Perhaps the most surprising testimony to the existence of an “epidemic constitution” of slow, continued nervous fever comes from the island of Barbados. Hillary, who had kept a record of the prevalent diseases at Ripon, continued the same when he settled in Barbados in 1751[224]. There can be no doubt as to the appearance of this fever in February 1753, its prevalence all over the island for eighteen months, and its disappearance in September 1754, when, as he writes, “It now totally disappeared and left the island, and, I think, has not been seen in it since” (1758). He gives the same account of it as the observers in England and Ireland, except that he does not describe miliary eruptions and describes jaundice in convalescent children. It was insidious in its onset (as in London), the patient often keeping afoot five or six days; the symptoms included pains in the head, vertigo, torpor, lassitude, vigil, delirium, faintings, partial sweats, involuntary evacuations, gulpings, tremors, twitchings, catchings, coma and convulsions. Recovery was marked by copious equable sweats and plentiful spitting. “This slow, nervous fever was certainly infectious, for I observed that many of those who visited, and most of them that attended the sick in their fever were infected by it, and got the disease, and especially those who constantly attended them and performed the necessary offices of the sick.” It was last heard of in the remoter parts of the island.
Miliary Fever.
It will have been observed in the foregoing accounts of the predominant fevers of the years (roughly) from 1750 to 1760 that there was often a miliary eruption, but that it was far from constant. The constant things were the lowness, depression, ill-smelling sweats, tremors of the whole body or of the wrist-tendons, and other nervous or ataxic symptoms. But we hear more of a miliary eruption in connexion with that than with any other period of fevers in the history; and this was the time when a controversy arose as to whether there was in reality a distinctive kind of fever marked by miliary eruption. Some of the school of Boerhaave contended that the phenomenon of miliary vesicles was due solely to the heating and sweating treatment of the alexipharmac physicians.
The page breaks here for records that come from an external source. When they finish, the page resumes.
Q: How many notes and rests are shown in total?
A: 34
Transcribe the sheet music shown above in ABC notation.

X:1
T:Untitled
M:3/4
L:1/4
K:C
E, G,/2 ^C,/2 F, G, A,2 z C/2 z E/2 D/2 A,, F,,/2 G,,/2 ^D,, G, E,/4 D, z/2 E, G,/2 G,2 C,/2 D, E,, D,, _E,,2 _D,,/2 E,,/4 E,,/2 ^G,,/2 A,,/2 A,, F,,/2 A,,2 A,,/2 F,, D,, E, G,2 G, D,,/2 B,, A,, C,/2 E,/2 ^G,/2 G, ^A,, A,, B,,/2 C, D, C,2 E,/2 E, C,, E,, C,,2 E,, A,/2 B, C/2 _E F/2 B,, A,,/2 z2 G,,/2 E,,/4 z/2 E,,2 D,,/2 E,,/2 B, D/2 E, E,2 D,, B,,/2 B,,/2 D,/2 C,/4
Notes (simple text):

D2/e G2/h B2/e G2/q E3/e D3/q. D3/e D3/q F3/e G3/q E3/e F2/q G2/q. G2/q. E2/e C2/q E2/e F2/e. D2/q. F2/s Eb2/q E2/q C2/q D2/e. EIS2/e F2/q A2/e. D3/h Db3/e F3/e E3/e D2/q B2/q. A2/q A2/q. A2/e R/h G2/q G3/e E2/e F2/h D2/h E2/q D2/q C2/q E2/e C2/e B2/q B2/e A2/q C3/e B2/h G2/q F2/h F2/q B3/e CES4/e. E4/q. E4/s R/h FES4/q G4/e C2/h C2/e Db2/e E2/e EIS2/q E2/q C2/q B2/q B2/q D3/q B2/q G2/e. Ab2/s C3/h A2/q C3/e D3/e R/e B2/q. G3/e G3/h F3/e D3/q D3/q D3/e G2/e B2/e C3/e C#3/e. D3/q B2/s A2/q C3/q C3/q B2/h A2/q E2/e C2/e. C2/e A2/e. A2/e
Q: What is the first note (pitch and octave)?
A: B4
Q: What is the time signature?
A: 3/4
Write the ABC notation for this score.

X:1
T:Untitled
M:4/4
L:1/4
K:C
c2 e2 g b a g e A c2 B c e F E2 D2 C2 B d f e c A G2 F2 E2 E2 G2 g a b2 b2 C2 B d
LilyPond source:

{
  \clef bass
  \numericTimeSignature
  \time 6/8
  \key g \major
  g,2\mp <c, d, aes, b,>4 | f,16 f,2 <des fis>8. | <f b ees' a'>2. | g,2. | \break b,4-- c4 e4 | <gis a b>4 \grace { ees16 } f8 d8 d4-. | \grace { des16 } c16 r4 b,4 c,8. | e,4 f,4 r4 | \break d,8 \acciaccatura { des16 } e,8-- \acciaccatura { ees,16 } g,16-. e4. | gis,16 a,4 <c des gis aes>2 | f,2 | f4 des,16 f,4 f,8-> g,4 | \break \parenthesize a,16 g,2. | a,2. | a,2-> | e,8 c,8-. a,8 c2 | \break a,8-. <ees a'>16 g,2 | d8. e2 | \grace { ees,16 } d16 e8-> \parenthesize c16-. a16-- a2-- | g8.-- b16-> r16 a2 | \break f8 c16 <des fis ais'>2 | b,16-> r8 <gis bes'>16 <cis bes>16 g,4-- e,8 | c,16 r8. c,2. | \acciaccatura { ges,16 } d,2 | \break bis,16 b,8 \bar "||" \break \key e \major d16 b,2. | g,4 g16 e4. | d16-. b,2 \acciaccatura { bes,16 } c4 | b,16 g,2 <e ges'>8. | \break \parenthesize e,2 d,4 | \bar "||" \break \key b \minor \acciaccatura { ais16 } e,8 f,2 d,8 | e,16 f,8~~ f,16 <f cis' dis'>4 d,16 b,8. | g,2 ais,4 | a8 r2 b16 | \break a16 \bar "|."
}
De Haën and others answered that miliary fever was a natural form, independent of the mode of treatment. The Boerhaavian contention may be admitted as good for such miliary fevers as were described under that name in 1710 by Sir David Hamilton[225]; nearly the whole of his sixteen cases appear to have been made miliary by treatment, in so far as they became miliary at all. What this physician did was to foretell the approach of miliary symptoms in various maladies (about one-half of the cases being of lying-in women, and the rest various), and then to prescribe Gascoign’s powder, Goa stone, Gutteta powder, Venice treacle or other diaphoretics, along with diluents and the application of blisters; the miliaria appeared about the breast, neck, and clefts of the fingers in due course (tenth to fourteenth day).